Daily Dish

The inside scoop on food in Los Angeles

Category: Nightlife

Muse to open new Hollywood club called Sound in August

Muse Lifestyle Group, the company that opened Hollywood's frenetic Playhouse nightclub, is set to open another Hollywood venue called Sound in early August.

Located on the hectic club row of Las Palmas, Sound will be a uber-modern space featuring a sleek industrial look and two bars. Projections, video content and state-of-the-art lighting and sound will be a big part of the experience and will be moderated by video servers developed by V Squared Labs.

V Squared founder Vello Virkhaus explains how the servers work in an email:

"The video servers are epic prime systems developed by V Squared Labs that send content to all the projectors at Sound to deliver a one-of-a-kind, truly dynamic environment. The video servers will be sending our customized 3D mapped content and effects to the 8 projected zones in the venue.

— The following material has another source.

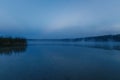 Fog over the lake, twilight over the lake, very dense fog, dawn, blue sky over the lake, the morning comes, the forest reflects in Royalty Free Stock Photo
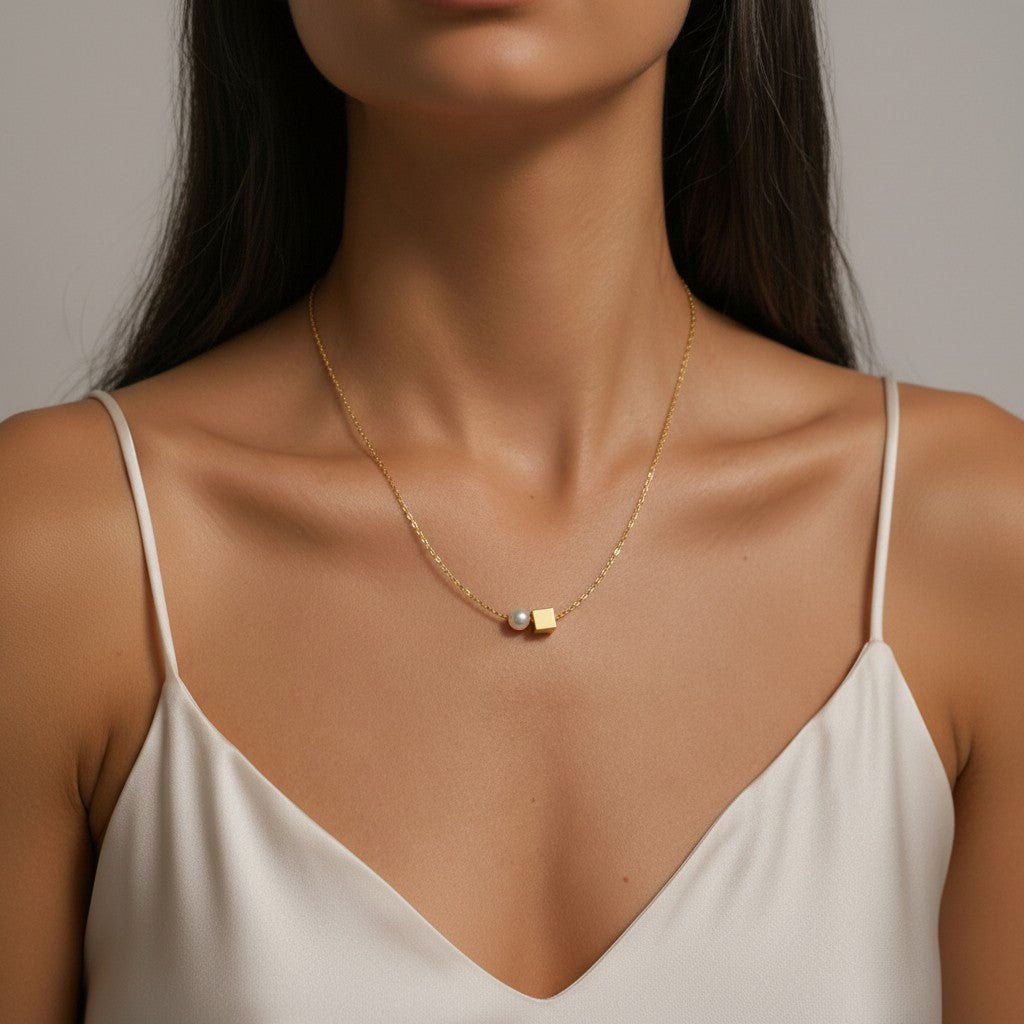 A close-up of a model wearing a delicate gold chain necklace with a small rectangular gold and iridescent pendant, styled with a white camisole against a neutral gray background.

The 3D projection effects developed include illusionistic video which is video mapping that tricks the eye into seeing what cannot be believed and executes real-time effects that react to the environment."

The servers will help Muse Lifestyle Group owner, Rob Vinokur, realize his goal of making Sound a different club with each visit.

"One night could be an outer space theme and the next might be a dark forest," says Vinokur. "It's designed to be an ever-changing, ever-evolving space, offering a new environment and adventure every night."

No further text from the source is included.